The exhibition, featuring 11 local artists, went live on Friday, May 15, and concludes on June 5. Wenberg said she had previously heard of virtual gallery platforms and chose Artsteps.com because it is free to view and compatible with most devices, making it an accessible option; anyone in the world with Internet access has the ability to view the exhibition.

“Our goal has always been to exhibit new art in untraditional places,” she said. She offered the example of viewing artwork in a garage versus in a gallery or museum: “You can relate to that work in a different way.”

The online format also offered artists the ability to show art they otherwise wouldn’t be able to display, such as 3D sculptures. The biggest challenge for Wenberg, she said, was with the technology.
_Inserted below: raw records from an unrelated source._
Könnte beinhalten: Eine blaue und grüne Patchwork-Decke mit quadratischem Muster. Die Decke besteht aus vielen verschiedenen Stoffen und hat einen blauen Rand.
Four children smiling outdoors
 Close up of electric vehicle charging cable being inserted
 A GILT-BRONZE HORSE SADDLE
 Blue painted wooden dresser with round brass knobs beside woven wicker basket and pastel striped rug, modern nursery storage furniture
Her background is with “real art objects,” so moving digital was a whole new experience for her.

“It was really fun to create something that went above and beyond our expectations,” Wenberg said.

After Wenberg put out a call for artists, Holli Jacobson – a local visual artist – decided to submit her current available work, which is featured in the exhibition.

“I thought it was a good, creative way to display art at this time,” Jacobson said.

About five of Jacobson’s pieces appear in the gallery. Her art, according to her website, references the “beauty of the natural world in a state of chaos due to human practices creating climate change. Colors are vibrant and acidic with dynamic motion and flow. Inspired by photography and travel, her art connects viewers to something familiar in a state of turmoil.”

Jacobson says the exhibition gives artists a brief glimpse of what art in the future might look like.

Wenberg also said 100% of sales from the exhibit are directed to the artists. “We understand how appreciative our visual artists are of financial support right now,” she said.